El nuevo diccionario de la Real Academia

Opinión / Carlos Verucchi / En Línea Noticias (Twitter: @carlos_verucchi)

Muchos conservadores de la lengua, ortodoxos fieles a las convenciones establecidas por instituciones de dudosa reputación como la Real Academia Española, esgrimen como argumento fundacional en su avanzada contra el lenguaje inclusivo el famoso: “la real academia no lo reconoce”.

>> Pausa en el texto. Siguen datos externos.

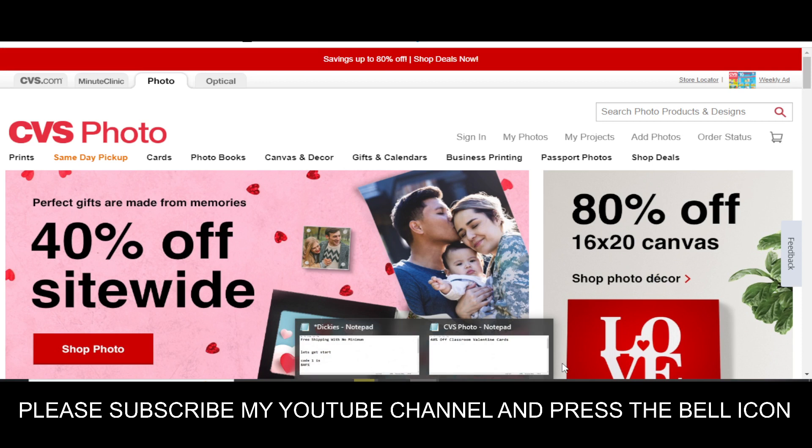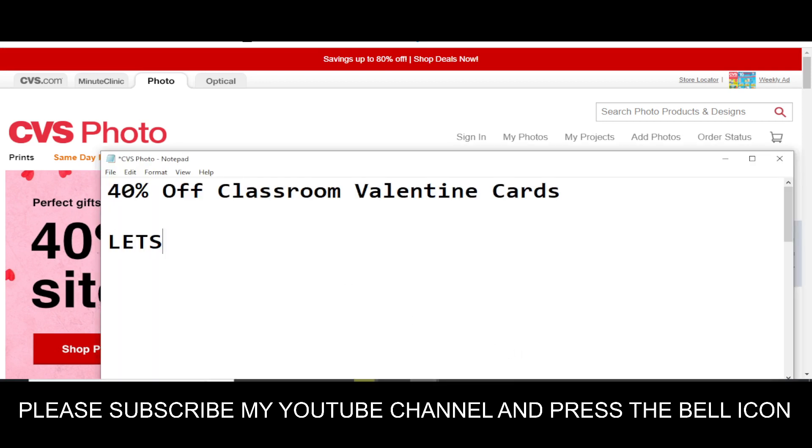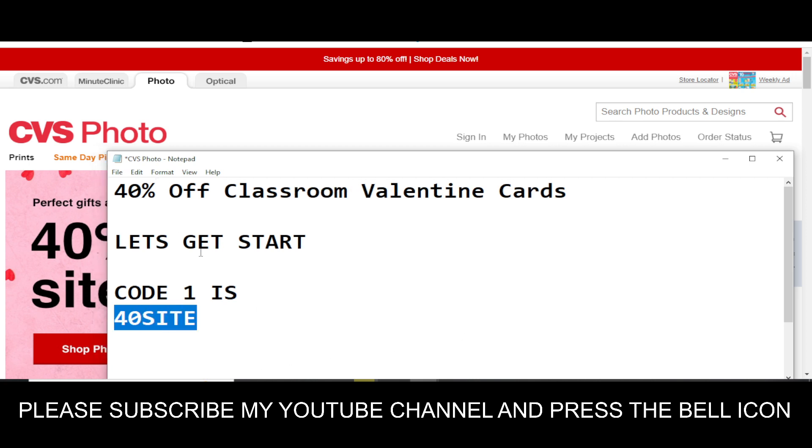So before wasting any time, let's get started. Code number one will give you 40% off Valentine cards. The code is: 4-0-S-I-T-E — "40SITE". Simply enter this code and claim your reward. This is the only available valid code right now.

¿Por qué razón habría de existir una institución con autoridad para regular la lengua? No se me ocurre ninguna respuesta medianamente coherente, más bien me surgen nuevas dudas: si una institución de esta naturaleza se hubiera fundado en el año 200, ¿compartiríamos hoy en día un lenguaje común con los italianos y los franceses, con los catalanes y los portugueses? Disculpe el lector tan inoportuna rima. La respuesta está a la altura de cualquier aspirante a prekinder… No, definitivamente no. Porque intentar regular el idioma (tranquilamente hubiera podido usar la palabra normar, que la RAE aprueba, pero cierto dejo de buen gusto me lo impide) resulta tan absurdo como pretender que las manzanas se caen al piso porque lo estableció Newton a través de una formulita matemática.


A ver… ríspidos apologistas de leyes y normas, insensatos defensores de ataduras y restricciones reaccionarias, nostálgicos de las lecciones de la señorita de tercer grado: las personas hablan como les da la gana, el lenguaje se adapta a las necesidades de comunicación que las circunstancias imponen, el lenguaje vive, se ajusta, se transmuta, adopta nuevas formas, refleja las necesidades más inmediatas y busca los recursos que resultan más apropiados para transmitir las inquietudes de la época. Y qué bueno que así sea, porque en caso contrario ¿de qué vivirían los zánganos que laburan en la Real Academia?
Porque al contrario de lo que entiende mucha gente, la Real Academia no decide cómo debemos hablar, cumple una misión inversa: nosotros hablamos y ellos establecen un marco formal en función de cómo nosotros hayamos decidido hablar.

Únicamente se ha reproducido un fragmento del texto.